The third way I could add here is: using a kind a calibration between Tx/Rx with sending a sine wave pilot. Suppose a sine wave (in base band) with frequency 'fm' is sent via a Tx with the power of 'A' dB. At Rx we take FFT of the signal which has a shape like this:
I assumed that the power level out of sine wave is about -10dBm, call it 'noise_floor', and the received power level of the sine is 0dBm, call it 'peak'. By using the following formula the SNR can be calculated:
SNR = peak - noise_floor - 10 log (N_fft/2).
N_fft is the number of fft points. Once the SNR value is calculated for 'A' dB Tx power, it seems reasonable to have different SNRs with changing just the Tx power.

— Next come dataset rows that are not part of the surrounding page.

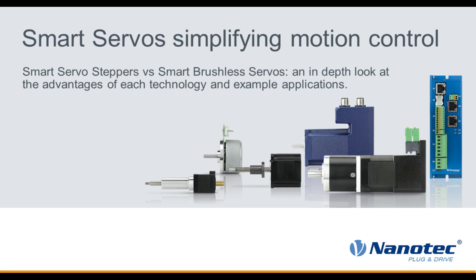Welcome and thanks for joining us. I'm Linda Bell, Editorial Director at Tech Briefs Media Group, and I'll be your moderator for today's webcast, Advantages of Smart Servo Steppers vs. Smart Brushless Servos, sponsored by Nanotech.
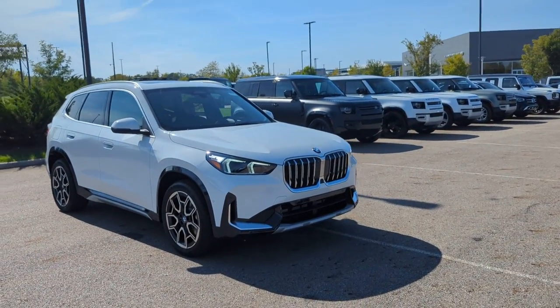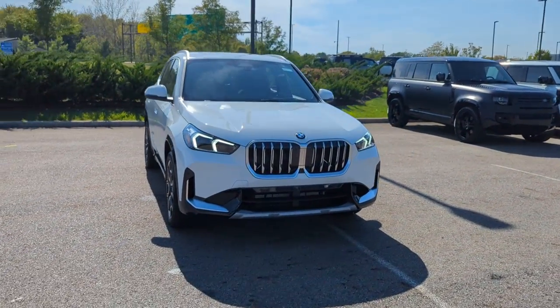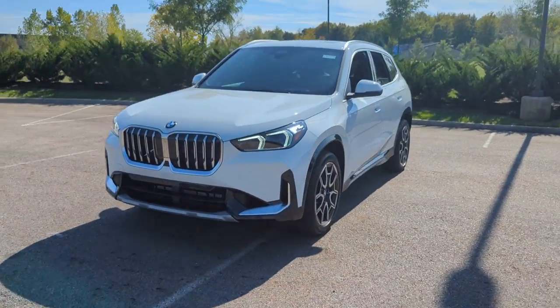2025 BMW X1. This SUV offers space as well as power and performance.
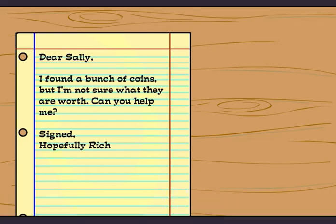Dear Sally, I found a bunch of coins, but I'm not sure what they are worth. Can you help me? Signed, Hopefully Rich.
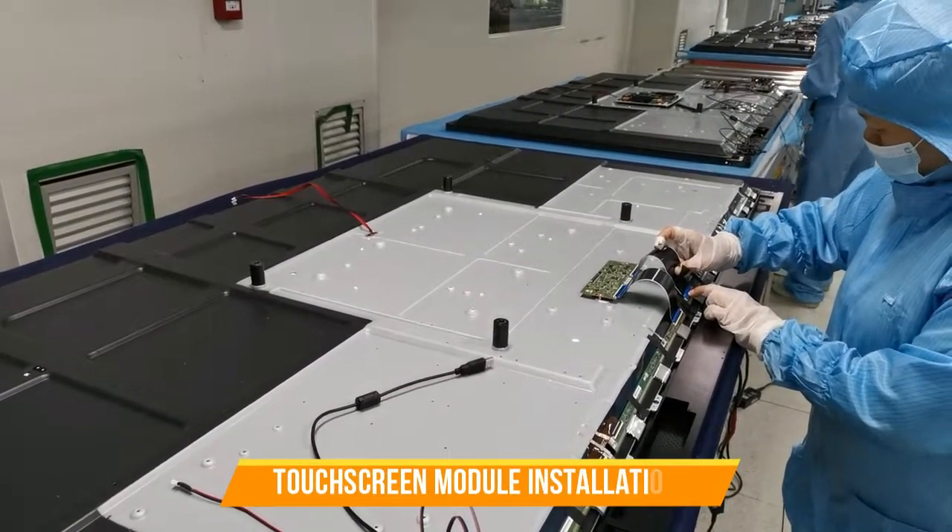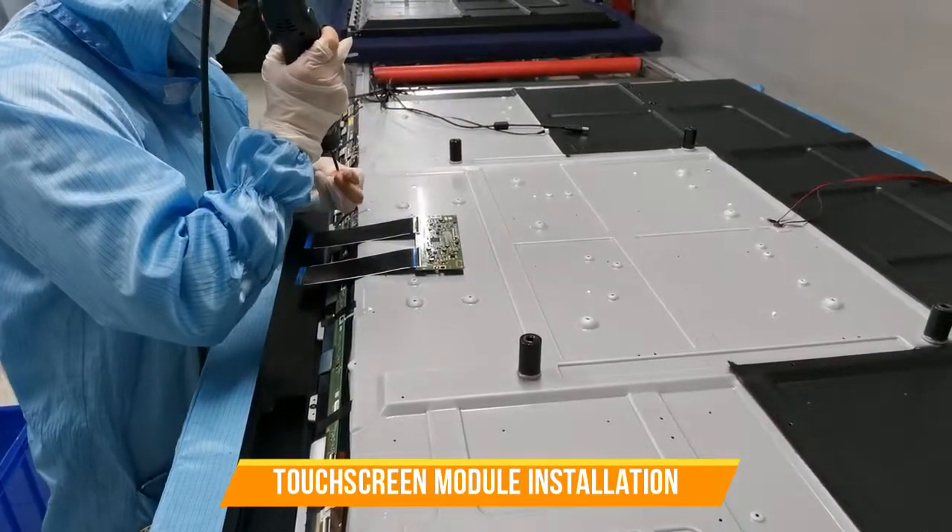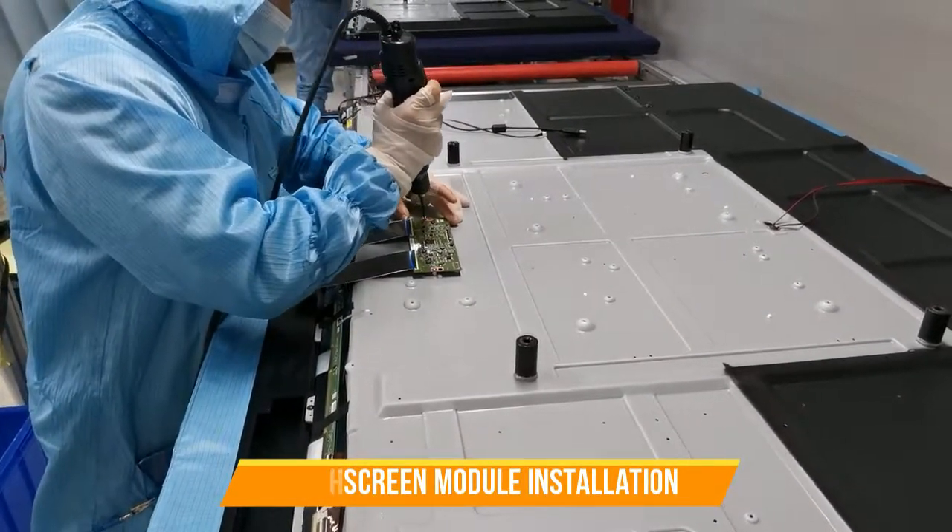This is the part where touchscreen functions come from. We use high quality touchscreen modules in our products to make sure our interactive display has stable touchscreen quality.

Assuming you're noise is a) purely additive, b) your channel is absolutely flat, and so is your noise (white), c) everything is linear (memoryless channel) and c) you're able to reliably measure the power of a infinitely narrow peak (which implies you can produce a infinitely narrow peak), this applies. As you can see in your picture, the peak is *not* infinitely narrow (obviously, the FFT has limited length, so frequency resolution can't be arbitrarily fine).
I'm not sure whether this approach is accurate as we need or not! Is it true? I want to know your recommendations.
It's but a basic estimate. Giving you the rx power for a specific frequency and estimating noise power by averaging for a limited amount of time, you get something that, depending on how your system behaves, might or might not represent actual SNR well.
I have to stress this: SNR is *signal* to noise ratio. Signal is what your application defines to be signal!